The pool size of 13_085_100_000 is much larger than 365, but the logic works the same way. The following program shows that with a sample size of 10_000 integer values, the analytically derived probability of having one or more duplicate values is about 0.00381. We would expect 38 out of 10_000 such experiments to have at least one duplicate. With a sample size of 135_000 the probability of duplicates exceeds 0.5.

import fractions

pool_size = fractions.Fraction(13_085_100_000)  # use big-integer rational arithmetic
samp_size = 10_000
p_no_duplicates = fractions.Fraction(1)  # no duplicates when one item in the room...
numerator = fractions.Fraction(pool_size + 1)

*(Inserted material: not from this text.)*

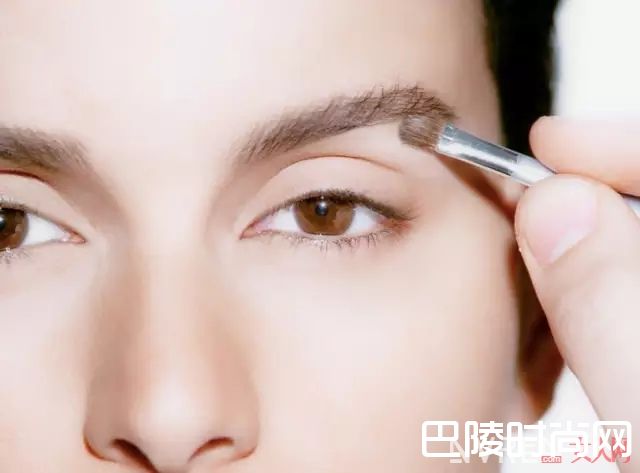 高光刷选择和推荐_化妆刷选不对，买再多大牌化妆品都是浪费！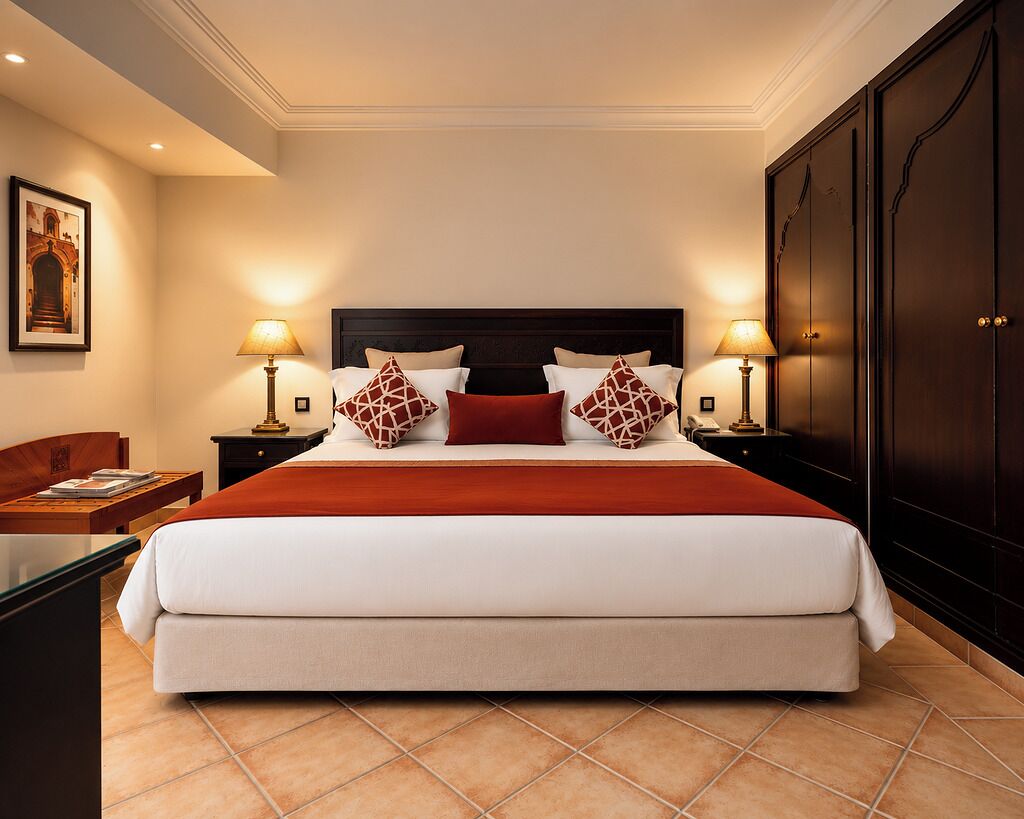 Suite junior | Ropa de cama de alta calidad, minibar, escritorio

# ...so start with the second item.
for i in range(2, samp_size): # i is number of items currently in the room
  p_no_duplicates *= fractions.Fraction(numerator - i) / pool_size
print("For " + str(samp_size) + " items and a pool size of " +
  str(pool_size) + ", P(Duplicate) = " + str(1.0 - p_no_duplicates))

# For 10000 items and a pool size of 13085100000, P(Duplicate) = 0.0038127078842439266

One Possible Solution

A possible solution is to use python's random.sample(), which does sampling without replacement. That means that once a value is selected it gets removed from the pool of remaining candidates. (That changes the probabilities of all the remaining values in the pool, so this is not independent sampling.) No duplicates will occur until the entire pool has been sampled. Using random.sample() will guarantee unique integers which can then be mapped into the unique set of indices from which to construct your set of passphrases.

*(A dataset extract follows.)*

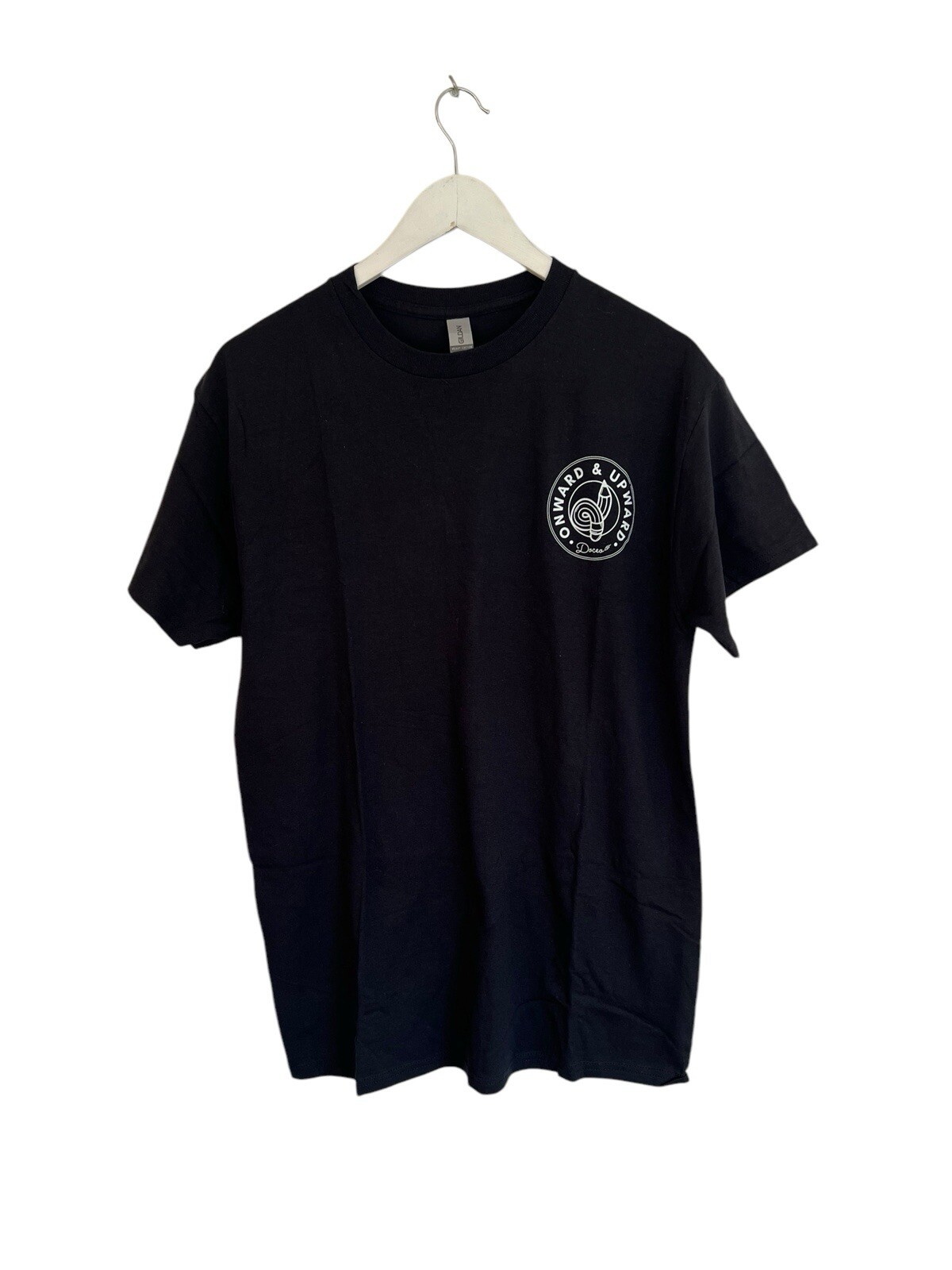 Onwards & Upwards Doceo NWOT Gildan T Shirt Black Logo Front Size M RRP £16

The following illustrates this using the [2,3,4] indices from the earlier example:

import random

# list_lengths = [100,9,217,67,10,10,10]
list_lengths = [2,3,4]
map = Mapping(list_lengths)

int_set = random.sample(range(map.capacity), map.capacity)
for number in int_set:
  index_list = map.int_to_indices(number)
  # Use index_list to generate a unique password 
  # from the lists of component elements.

This will produce all sets of indices uniquely, but in a random order. Toggle the comments on the list_lengths assignment lines and set the sample size to 10_000 to obtain a randomized subsample of unique indices in index_list.